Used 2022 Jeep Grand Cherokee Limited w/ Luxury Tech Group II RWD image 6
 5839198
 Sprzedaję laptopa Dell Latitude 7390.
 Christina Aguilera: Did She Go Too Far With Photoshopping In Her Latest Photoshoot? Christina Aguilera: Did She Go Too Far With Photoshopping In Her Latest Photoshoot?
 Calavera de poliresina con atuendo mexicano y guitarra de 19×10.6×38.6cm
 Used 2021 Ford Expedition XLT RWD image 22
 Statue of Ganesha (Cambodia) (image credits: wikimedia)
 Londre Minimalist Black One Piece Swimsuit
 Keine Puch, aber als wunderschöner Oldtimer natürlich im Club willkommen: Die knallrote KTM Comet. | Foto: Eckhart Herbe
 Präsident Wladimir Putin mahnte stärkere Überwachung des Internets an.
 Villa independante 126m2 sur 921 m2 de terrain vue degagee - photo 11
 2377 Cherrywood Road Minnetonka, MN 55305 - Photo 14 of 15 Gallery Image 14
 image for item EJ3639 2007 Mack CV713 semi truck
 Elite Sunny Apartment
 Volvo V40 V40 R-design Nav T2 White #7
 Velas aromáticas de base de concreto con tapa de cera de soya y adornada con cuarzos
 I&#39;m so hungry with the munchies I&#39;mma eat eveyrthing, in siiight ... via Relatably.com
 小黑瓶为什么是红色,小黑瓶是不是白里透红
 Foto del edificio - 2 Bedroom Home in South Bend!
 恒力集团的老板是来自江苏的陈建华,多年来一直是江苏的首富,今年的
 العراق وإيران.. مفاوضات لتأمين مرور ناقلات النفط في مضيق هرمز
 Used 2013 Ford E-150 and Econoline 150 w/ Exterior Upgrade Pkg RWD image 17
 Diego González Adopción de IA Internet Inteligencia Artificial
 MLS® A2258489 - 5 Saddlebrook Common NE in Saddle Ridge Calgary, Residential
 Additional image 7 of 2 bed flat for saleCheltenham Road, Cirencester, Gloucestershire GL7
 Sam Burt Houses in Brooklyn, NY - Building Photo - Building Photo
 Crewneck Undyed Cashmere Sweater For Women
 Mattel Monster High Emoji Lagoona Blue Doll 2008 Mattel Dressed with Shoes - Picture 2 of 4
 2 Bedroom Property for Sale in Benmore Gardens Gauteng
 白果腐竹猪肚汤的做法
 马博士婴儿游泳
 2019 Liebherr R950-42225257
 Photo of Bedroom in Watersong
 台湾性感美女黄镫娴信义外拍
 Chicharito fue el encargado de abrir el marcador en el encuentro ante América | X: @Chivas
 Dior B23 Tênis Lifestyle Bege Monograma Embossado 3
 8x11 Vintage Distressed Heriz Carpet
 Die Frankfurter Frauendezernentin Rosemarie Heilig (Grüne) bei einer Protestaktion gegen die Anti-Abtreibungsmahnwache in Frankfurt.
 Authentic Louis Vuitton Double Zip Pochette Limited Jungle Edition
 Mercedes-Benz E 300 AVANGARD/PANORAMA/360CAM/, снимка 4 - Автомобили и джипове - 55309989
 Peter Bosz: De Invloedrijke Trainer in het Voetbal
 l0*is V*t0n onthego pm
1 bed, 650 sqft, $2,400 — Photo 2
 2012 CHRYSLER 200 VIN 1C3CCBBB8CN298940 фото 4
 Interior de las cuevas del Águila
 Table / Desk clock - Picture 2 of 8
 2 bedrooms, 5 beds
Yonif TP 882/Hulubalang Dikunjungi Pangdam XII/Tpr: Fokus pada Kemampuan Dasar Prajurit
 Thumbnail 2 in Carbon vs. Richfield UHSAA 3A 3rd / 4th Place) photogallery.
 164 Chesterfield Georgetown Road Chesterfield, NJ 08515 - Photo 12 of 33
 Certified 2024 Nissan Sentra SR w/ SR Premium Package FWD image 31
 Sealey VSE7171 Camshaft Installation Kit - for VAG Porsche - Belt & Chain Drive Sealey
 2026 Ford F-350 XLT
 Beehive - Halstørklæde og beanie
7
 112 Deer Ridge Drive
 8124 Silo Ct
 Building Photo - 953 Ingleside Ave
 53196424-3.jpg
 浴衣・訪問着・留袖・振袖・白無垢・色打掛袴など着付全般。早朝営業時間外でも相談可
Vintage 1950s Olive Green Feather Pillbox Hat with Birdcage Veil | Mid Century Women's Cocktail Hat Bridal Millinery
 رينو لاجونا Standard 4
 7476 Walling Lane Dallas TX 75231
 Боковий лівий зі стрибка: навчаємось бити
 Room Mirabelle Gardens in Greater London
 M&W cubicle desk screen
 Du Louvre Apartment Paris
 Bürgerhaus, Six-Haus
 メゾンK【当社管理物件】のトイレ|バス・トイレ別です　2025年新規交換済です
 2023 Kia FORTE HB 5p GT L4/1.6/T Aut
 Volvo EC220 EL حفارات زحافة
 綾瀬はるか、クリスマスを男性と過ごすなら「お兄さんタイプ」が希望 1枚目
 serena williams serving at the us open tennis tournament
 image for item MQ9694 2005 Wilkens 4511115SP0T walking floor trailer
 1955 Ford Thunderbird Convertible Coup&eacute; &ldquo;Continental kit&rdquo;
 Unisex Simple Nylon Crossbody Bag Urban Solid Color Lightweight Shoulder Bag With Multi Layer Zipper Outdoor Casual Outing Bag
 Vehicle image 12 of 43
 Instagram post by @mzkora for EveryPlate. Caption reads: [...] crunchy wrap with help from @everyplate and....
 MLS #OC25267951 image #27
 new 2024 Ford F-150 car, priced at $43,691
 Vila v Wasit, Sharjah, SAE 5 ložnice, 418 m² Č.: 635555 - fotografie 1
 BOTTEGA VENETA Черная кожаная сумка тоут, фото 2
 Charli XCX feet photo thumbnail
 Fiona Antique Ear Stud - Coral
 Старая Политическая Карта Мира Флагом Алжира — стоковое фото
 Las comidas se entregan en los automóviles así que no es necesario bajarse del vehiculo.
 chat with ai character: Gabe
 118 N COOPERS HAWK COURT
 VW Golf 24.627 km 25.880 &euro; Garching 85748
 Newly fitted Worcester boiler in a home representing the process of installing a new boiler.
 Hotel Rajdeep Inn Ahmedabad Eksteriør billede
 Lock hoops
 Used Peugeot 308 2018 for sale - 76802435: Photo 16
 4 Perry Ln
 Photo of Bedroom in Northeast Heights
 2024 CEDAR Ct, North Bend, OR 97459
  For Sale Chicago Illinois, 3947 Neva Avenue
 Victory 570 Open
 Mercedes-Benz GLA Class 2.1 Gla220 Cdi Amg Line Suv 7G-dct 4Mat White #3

WORK REQUIRED
Please copy each line of the records above in which the word "Ford" can be found.

WRITTEN ANSWER
 Used 2021 Ford Expedition XLT RWD image 22
 Used 2013 Ford E-150 and Econoline 150 w/ Exterior Upgrade Pkg RWD image 17
 2026 Ford F-350 XLT
 1955 Ford Thunderbird Convertible Coup&eacute; &ldquo;Continental kit&rdquo;
 new 2024 Ford F-150 car, priced at $43,691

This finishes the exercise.